When I called to make the dog's reservations, I was connected immediately to a 'Live Pet Transportation Counselor', who began our session by interrogating me about the size, structure, and ventilation of the dog kennel we presently own.  It was swiftly established that our existing kennel Would Not Do, and, in order to use their services, I would need to provide a new one that met airline regulations. Apparently, the kennel we have used for the past 6 years is woefully inadequate for air travel, because it didn't provide ventilation on four sides (ours only provides three) and, according to their calculations, the dog does not have adequate space in which to turn around, stretch out, and (presumably) host a dinner party.  My argument that the dog likes his kennel, frequently does turn around and stretch out in it, and often voluntarily goes there (usually to get away from the boys) held no water for the airlines, who clearly thought I was some sort of animal sadist.  No, the airlines would help me establish the right-sized kennel for my dog's needs.  In order to assure his traveling safety and comfort, I would need to take some simple (ha) measurements and perform some calculations.  Not being a math person, I approached this task with some trepidation, but since Son #1 is still taking calculus, I reasoned I had help close at hand should I need it.

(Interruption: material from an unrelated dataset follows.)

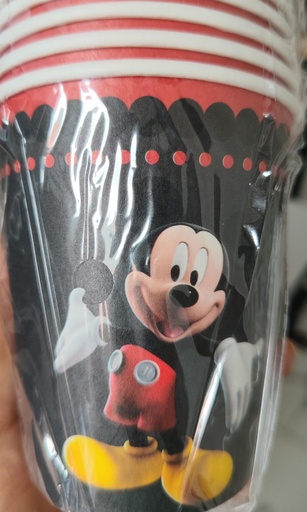 [JJJ253137] VASOS MICKEY NIÑO X 20und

In order to calculate the proper kennel size, I was directed to the website's Kennel Sizing Chart and its accompanying kennel-sizing formulae.  Yes, really.  Should you doubt me,  I herewith provide as evidence the schematic taken from the airline's website:  



 Just like everything else this week,, measuring the dog was not as straightforward as it would seem.  As it turned out, doing the calculations proved to be the easy part of this exercise, right after I recovered from the nasty flashback to high school Geometry.

In the first place, my dog rarely stands perfectly still in his 'natural stance' (for the record, the only time he ever stands in that position is when he is listening alertly for the sound of the garage door going up.)  In the second place, when you try to put the measuring tape by the dog's tail, he - quite rightly - turns around to see what you're doing back there.  Add to that the fact that dogs don't come with clear lines of demarcation (do they mean the top of the elbow, or the calloused part underneath?) Not to mention that I have always thought of that as his shoulder, anyway, not his elbow -  but I digress. In any case, it quickly became clear that measuring the dog was going to be more of a challenge than the schematic artists had led me to believe.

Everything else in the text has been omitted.